On appeals by, the Commonwealth to this court, the judgments were reversed, Ky., 252 S.W.2d 673. We held the statutory penalties to be valid and the Commonwealth entitled to retroactive assessments for ten years; hence, that the circuit court was in error in failing to order the county court “to follow the plain language of KRS 132.290.” The opinion concludes with directions to the circuit court to enter judgments consistent therewith.
On return of the cases, the circuit court entered judgments assessing the accounts receivable in the exact sums stated in the stipulation, e, g., St. Matthews Gas and Electric Shop for July 1, 1945, $6,758.45. The county court was directed to “spread at large” the judgment on its Order Book. The three defendants have filed motions for appeals.

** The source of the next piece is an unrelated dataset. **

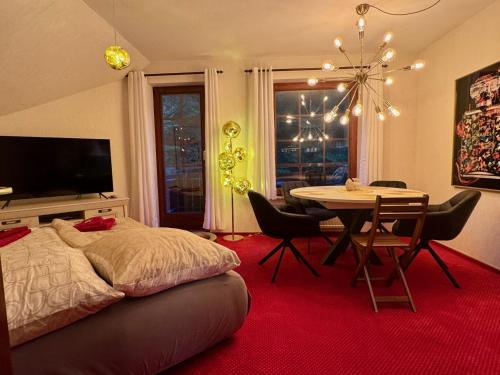 a bedroom with a bed and a table with chairs at Harztastisch Ferienwohnung in Bad Sachsa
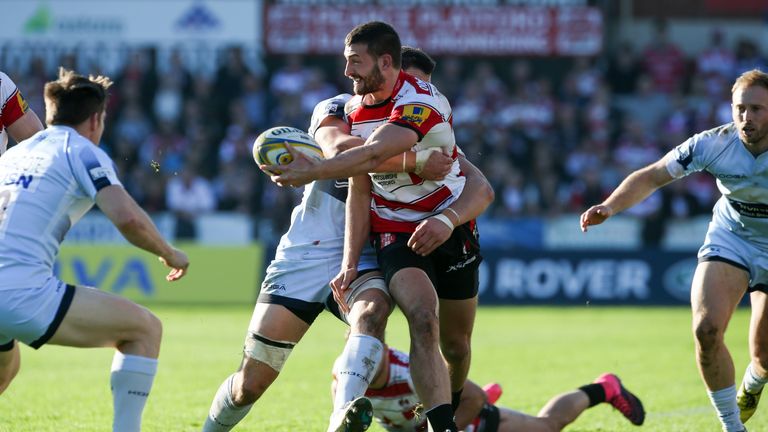 Jonny May of Gloucester looks to offload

Reversal of the judgments is sought on the ground that there has never been any evidence heard on the fair cash value of the property. The county court and the circuit court originally and this court on appeal only passed on the legal questions raised in the pleadings. Our remand of the case was confined to directions that the circuit court reverse the judgment of the county court and that it might follow the statute in making the retroactive assessments. Though the defendants agreed in the circuit court that they owned accounts receivable of certain face values, they did not admit, but denied, that the amounts alleged were the fair cash values.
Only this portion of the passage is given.